Effect of Earthquake on Underground Metro Tunnels—A Parametric Study

Abstract

Metro underground tunnels are life line in many major cities across the world. Therefore vulnerability of these structures against the earthquakes is very critical. In this chapter, Seismic analysis of Delhi metro underground tunnels have been performed by finite element method. Chamoli earthquake (1999) of lower Himalaya, India has been taken for the analysis. Parametric study was also conducted by considering the parameters like volume loss during construction, depth of overburden, interfacial characteristics between soil and the tunnel liner, thickness of RC liners, peak ground acceleration, and damping. Values of the vertical stress concentration were found to increase with increase in volume loss during the construction. This observation is true for both elastic and elasto-plastic behavior of soil.
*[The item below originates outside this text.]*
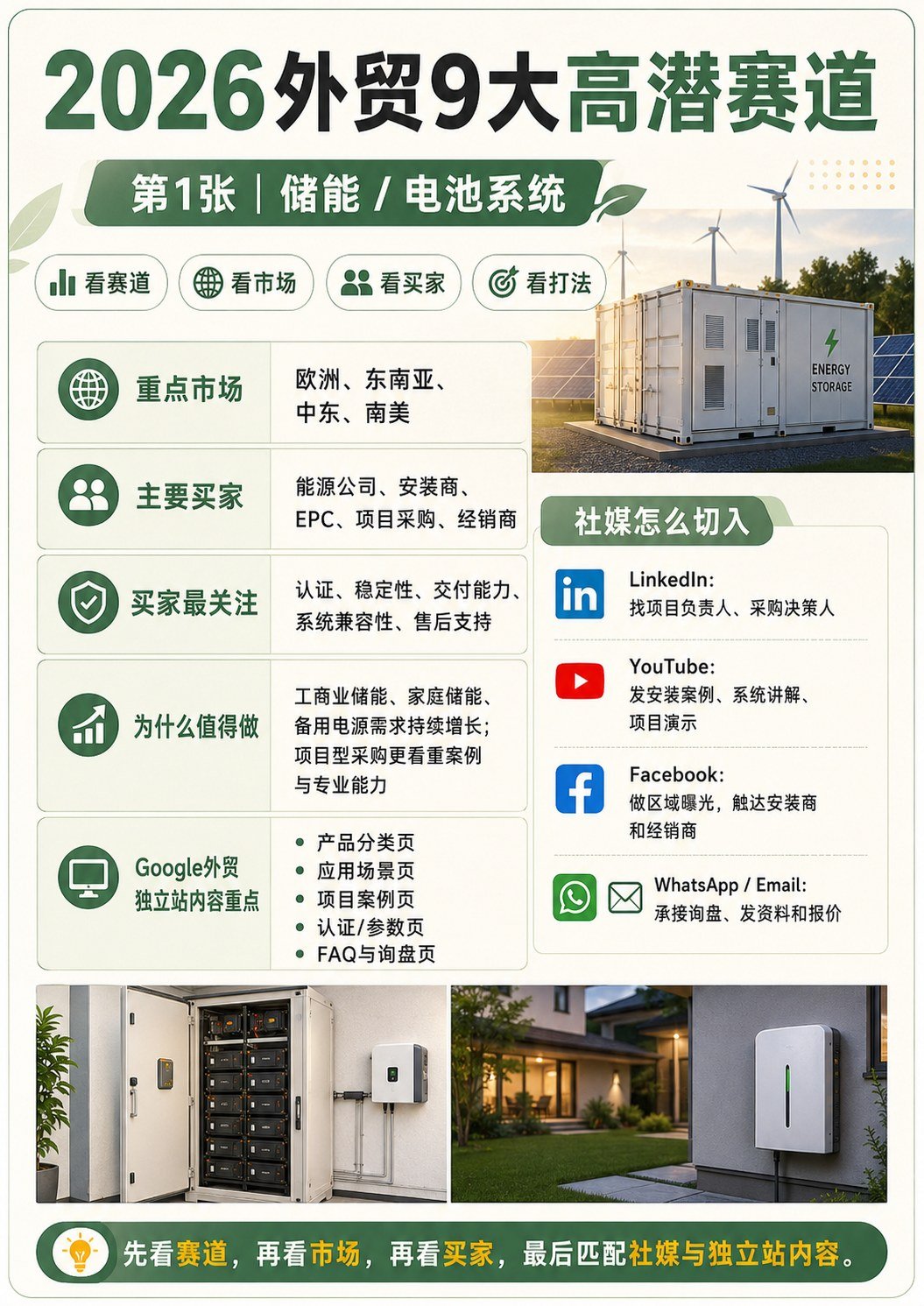 9个外贸高潜行业 - 9个外贸高潜行业:第 1 张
Maximum dynamic axial force in RC liners has been found to increase with the ratio of depth of overburden to the tunnel size, whereas both shear force and bending moment in lining of tunnel have been found to reduce as this ratio attains value of 2 and 2.5 respectively. Dynamic forces in RC liners tend to reduce as the value of interaction factor at the interface between the tunnel and RC liners reduces from 1 to 0.1. Increasing the thickness of RC liners causes the axial force in RC liners to reduce but bending moment has been found to increase. These points need to be borne in mind while designing the support systems for the tunnels.